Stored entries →
=== Begin Enclosure ===

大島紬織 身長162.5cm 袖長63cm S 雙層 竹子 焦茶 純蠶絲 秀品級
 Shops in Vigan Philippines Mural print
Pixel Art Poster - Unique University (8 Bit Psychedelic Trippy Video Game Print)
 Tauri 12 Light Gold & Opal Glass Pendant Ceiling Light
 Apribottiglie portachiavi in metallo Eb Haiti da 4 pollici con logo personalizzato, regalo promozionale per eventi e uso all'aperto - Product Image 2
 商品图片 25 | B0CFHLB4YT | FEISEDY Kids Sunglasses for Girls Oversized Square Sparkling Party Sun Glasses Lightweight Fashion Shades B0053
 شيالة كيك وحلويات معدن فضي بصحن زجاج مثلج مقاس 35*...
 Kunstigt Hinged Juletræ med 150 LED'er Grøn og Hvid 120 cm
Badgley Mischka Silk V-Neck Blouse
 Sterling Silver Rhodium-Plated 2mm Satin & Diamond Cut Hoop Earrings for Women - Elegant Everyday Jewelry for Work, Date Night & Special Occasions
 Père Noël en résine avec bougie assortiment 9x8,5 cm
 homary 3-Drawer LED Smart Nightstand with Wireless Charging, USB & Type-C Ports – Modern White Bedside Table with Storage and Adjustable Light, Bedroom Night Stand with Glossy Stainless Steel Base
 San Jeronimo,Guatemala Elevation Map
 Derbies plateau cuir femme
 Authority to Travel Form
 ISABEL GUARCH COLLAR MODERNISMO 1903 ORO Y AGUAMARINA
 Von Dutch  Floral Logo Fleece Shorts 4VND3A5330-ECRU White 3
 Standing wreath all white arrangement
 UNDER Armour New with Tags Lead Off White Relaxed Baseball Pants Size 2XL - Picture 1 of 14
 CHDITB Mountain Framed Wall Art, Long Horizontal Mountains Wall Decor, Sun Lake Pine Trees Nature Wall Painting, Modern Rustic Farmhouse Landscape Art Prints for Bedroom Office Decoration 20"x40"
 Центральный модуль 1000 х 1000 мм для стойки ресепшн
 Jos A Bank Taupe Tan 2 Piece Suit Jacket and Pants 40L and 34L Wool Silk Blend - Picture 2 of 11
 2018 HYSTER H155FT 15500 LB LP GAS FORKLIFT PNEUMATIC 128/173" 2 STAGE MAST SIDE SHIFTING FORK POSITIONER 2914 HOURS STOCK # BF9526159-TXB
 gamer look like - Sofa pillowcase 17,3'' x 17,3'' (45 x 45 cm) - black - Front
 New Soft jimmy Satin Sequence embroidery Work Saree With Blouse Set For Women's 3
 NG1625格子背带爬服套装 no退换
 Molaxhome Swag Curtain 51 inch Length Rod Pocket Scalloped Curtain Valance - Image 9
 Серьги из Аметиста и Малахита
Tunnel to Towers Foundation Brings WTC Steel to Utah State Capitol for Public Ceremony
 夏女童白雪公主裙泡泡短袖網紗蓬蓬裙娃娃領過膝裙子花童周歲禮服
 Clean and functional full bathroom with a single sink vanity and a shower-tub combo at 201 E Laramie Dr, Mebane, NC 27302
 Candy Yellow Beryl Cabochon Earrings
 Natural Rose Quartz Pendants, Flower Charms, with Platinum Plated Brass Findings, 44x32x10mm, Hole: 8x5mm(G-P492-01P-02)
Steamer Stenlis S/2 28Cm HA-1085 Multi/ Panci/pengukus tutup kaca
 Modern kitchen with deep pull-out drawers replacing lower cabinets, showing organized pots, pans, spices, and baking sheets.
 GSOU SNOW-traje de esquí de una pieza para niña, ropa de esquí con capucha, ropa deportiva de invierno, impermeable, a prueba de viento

=== End Enclosure ===

Make an exact copy of all the lines above.

大島紬織 身長162.5cm 袖長63cm S 雙層 竹子 焦茶 純蠶絲 秀品級
 Shops in Vigan Philippines Mural print
Pixel Art Poster - Unique University (8 Bit Psychedelic Trippy Video Game Print)
 Tauri 12 Light Gold & Opal Glass Pendant Ceiling Light
 Apribottiglie portachiavi in metallo Eb Haiti da 4 pollici con logo personalizzato, regalo promozionale per eventi e uso all'aperto - Product Image 2
 商品图片 25 | B0CFHLB4YT | FEISEDY Kids Sunglasses for Girls Oversized Square Sparkling Party Sun Glasses Lightweight Fashion Shades B0053
 شيالة كيك وحلويات معدن فضي بصحن زجاج مثلج مقاس 35*...
 Kunstigt Hinged Juletræ med 150 LED'er Grøn og Hvid 120 cm
Badgley Mischka Silk V-Neck Blouse
 Sterling Silver Rhodium-Plated 2mm Satin & Diamond Cut Hoop Earrings for Women - Elegant Everyday Jewelry for Work, Date Night & Special Occasions
 Père Noël en résine avec bougie assortiment 9x8,5 cm
 homary 3-Drawer LED Smart Nightstand with Wireless Charging, USB & Type-C Ports – Modern White Bedside Table with Storage and Adjustable Light, Bedroom Night Stand with Glossy Stainless Steel Base
 San Jeronimo,Guatemala Elevation Map
 Derbies plateau cuir femme
 Authority to Travel Form
 ISABEL GUARCH COLLAR MODERNISMO 1903 ORO Y AGUAMARINA
 Von Dutch  Floral Logo Fleece Shorts 4VND3A5330-ECRU White 3
 Standing wreath all white arrangement
 UNDER Armour New with Tags Lead Off White Relaxed Baseball Pants Size 2XL - Picture 1 of 14
 CHDITB Mountain Framed Wall Art, Long Horizontal Mountains Wall Decor, Sun Lake Pine Trees Nature Wall Painting, Modern Rustic Farmhouse Landscape Art Prints for Bedroom Office Decoration 20"x40"
 Центральный модуль 1000 х 1000 мм для стойки ресепшн
 Jos A Bank Taupe Tan 2 Piece Suit Jacket and Pants 40L and 34L Wool Silk Blend - Picture 2 of 11
 2018 HYSTER H155FT 15500 LB LP GAS FORKLIFT PNEUMATIC 128/173" 2 STAGE MAST SIDE SHIFTING FORK POSITIONER 2914 HOURS STOCK # BF9526159-TXB
 gamer look like - Sofa pillowcase 17,3'' x 17,3'' (45 x 45 cm) - black - Front
 New Soft jimmy Satin Sequence embroidery Work Saree With Blouse Set For Women's 3
 NG1625格子背带爬服套装 no退换
 Molaxhome Swag Curtain 51 inch Length Rod Pocket Scalloped Curtain Valance - Image 9
 Серьги из Аметиста и Малахита
Tunnel to Towers Foundation Brings WTC Steel to Utah State Capitol for Public Ceremony
 夏女童白雪公主裙泡泡短袖網紗蓬蓬裙娃娃領過膝裙子花童周歲禮服
 Clean and functional full bathroom with a single sink vanity and a shower-tub combo at 201 E Laramie Dr, Mebane, NC 27302
 Candy Yellow Beryl Cabochon Earrings
 Natural Rose Quartz Pendants, Flower Charms, with Platinum Plated Brass Findings, 44x32x10mm, Hole: 8x5mm(G-P492-01P-02)
Steamer Stenlis S/2 28Cm HA-1085 Multi/ Panci/pengukus tutup kaca
 Modern kitchen with deep pull-out drawers replacing lower cabinets, showing organized pots, pans, spices, and baking sheets.
 GSOU SNOW-traje de esquí de una pieza para niña, ropa de esquí con capucha, ropa deportiva de invierno, impermeable, a prueba de viento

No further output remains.